Patients with severe and enduring anorexia nervosa have one of the most challenging disorders in mental health care (Strober, 2010). They have the highest mortality rate of any mental illness with markedly reduced life expectancy (Harbottle et al., 2008). At 20 years the mortality rate is 20%, and given the young age of onset this results in many young adults dying in their 30s, and a further 5–10% every decade thereafter (Steinhausen, 2002). Severe and enduring anorexia nervosa also imposes a heavy burden on health and other public services. Patients are often under- or unemployed, on sickness benefits, suffer multiple medical complications (renal, liver, cardiac failure and osteoporosis), have repeated admissions to general and specialist medical facilities, and are frequent users of primary care services (Birmingham and Treasure, 2010; Robinson, 2009). Furthermore, they pose a significant burden to parents and carers (Treasure et al., 2001).
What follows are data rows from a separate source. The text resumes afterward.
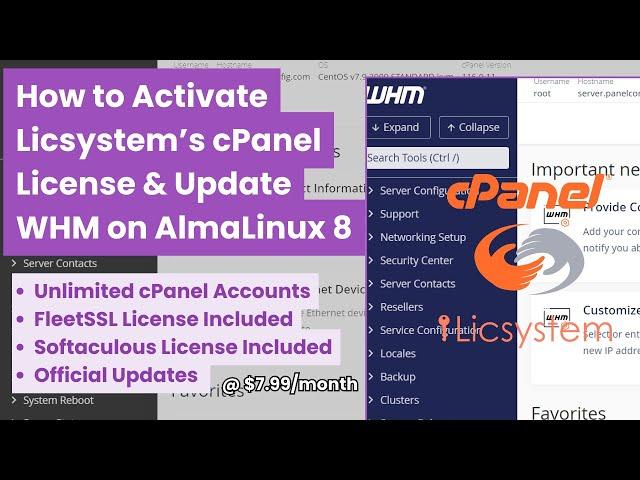 How to Activate Cheap cPanel License & Update WHM on AlmaLinux 8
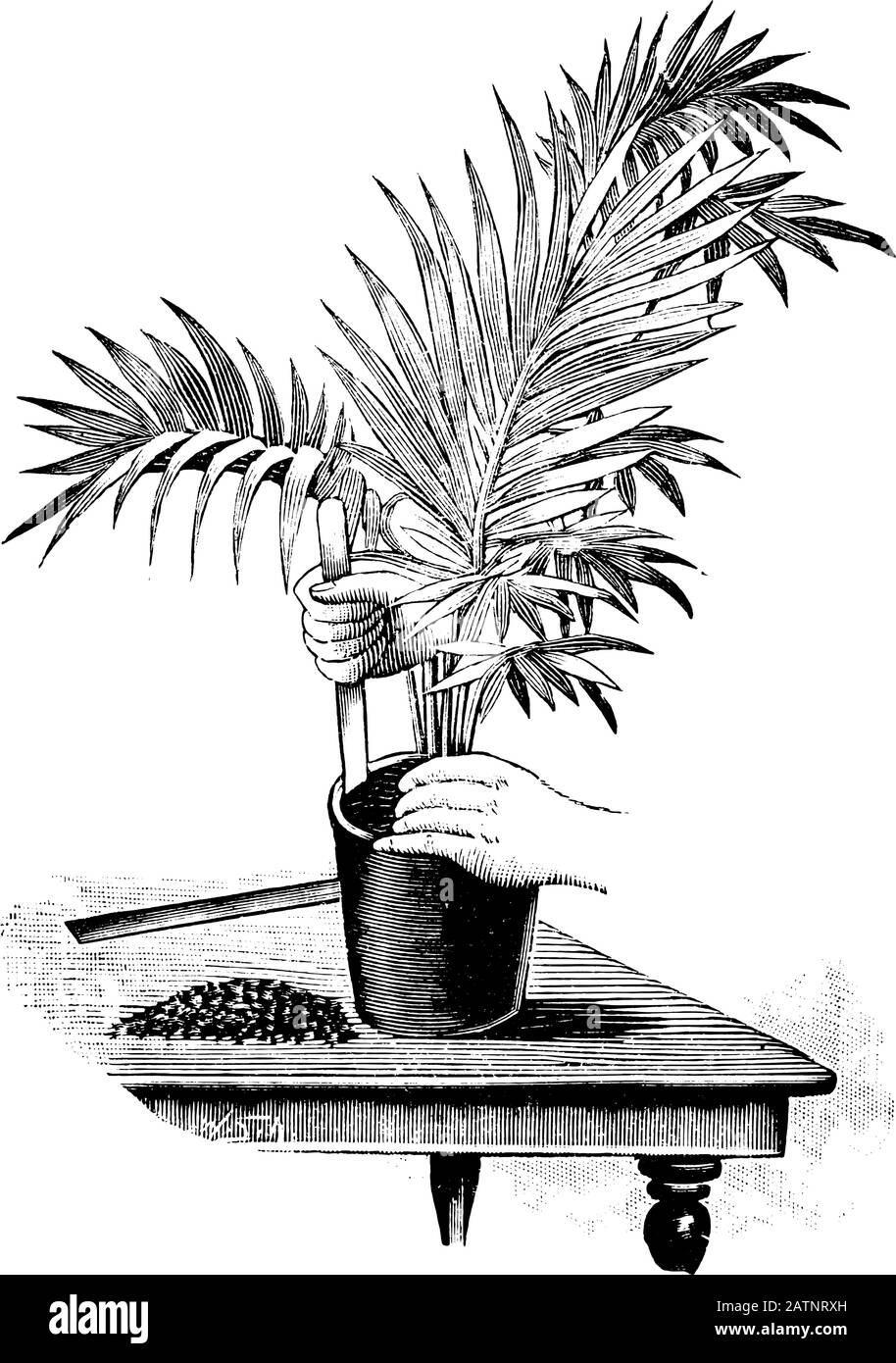 Antique vintage line art illustration, engraving or drawing of replanting or planting or repoting of young palm tree plant in pot. From book Plants in Room, Prague, 1898. Stock Vector
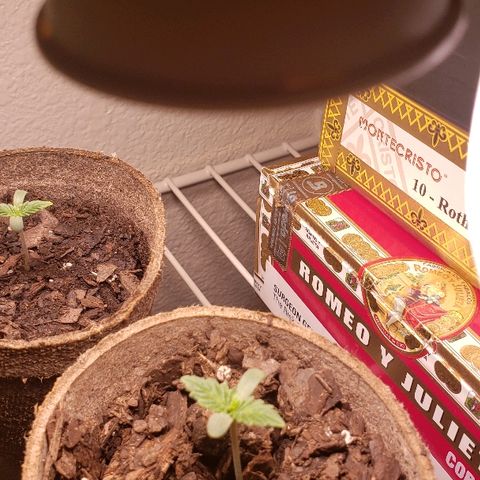 Wedding cake  #1 growlog timeline photo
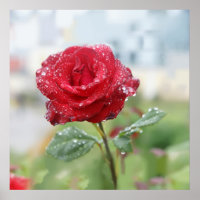 Rose in Regentropfen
Generally it is presumed that recovery and even meaningful symptomatic improvement in long-standing anorexia nervosa is less likely than in an anorexic illness with a shorter duration (NICE, 2004; Steinhausen, 2002). The poor treatment outcomes observed in patients with enduring anorexia nervosa are thought due to their extreme ambivalence about change and ego-syntonic attachment to maintaining low weight. A qualitative study (Arkell and Robinson, 2008) using in-depth interviews of 11 patients with anorexia nervosa of more than 10 years’ duration (mean age 37.7 years, SD 8, mean body mass index (BMI) 15.8 kg/m2, SD 2.0) identified five positive features of the eating disorder. These were interpersonal avoidance (e.g. ‘avoids having to cope with life’), intrapersonal avoidance (e.g. ‘avoids having to face feelings’), control (e.g. ‘I am disciplined’), sense of achievement, and self-punishment (e.g. ‘It’s like a self-destruct button and this has been what I wanted sometimes’). This counters any motivation to change despite recognition of the adverse effects of chronic illness on quality of life, extreme isolation, withdrawal and mood. In addition to poor motivation, Treasure and Russell (2011) have proposed a neurobiological explanation of the known poor outcome for family or individual therapy in adolescents with chronic illness of 3 or more years. They argue that combined effects of starvation and stress on the brain occur at a time when both structural (dendrite pruning and myelination) and functional development is occurring and the prefrontal maturation, important for executive function and emotion regulation, of later adolescence is impeded.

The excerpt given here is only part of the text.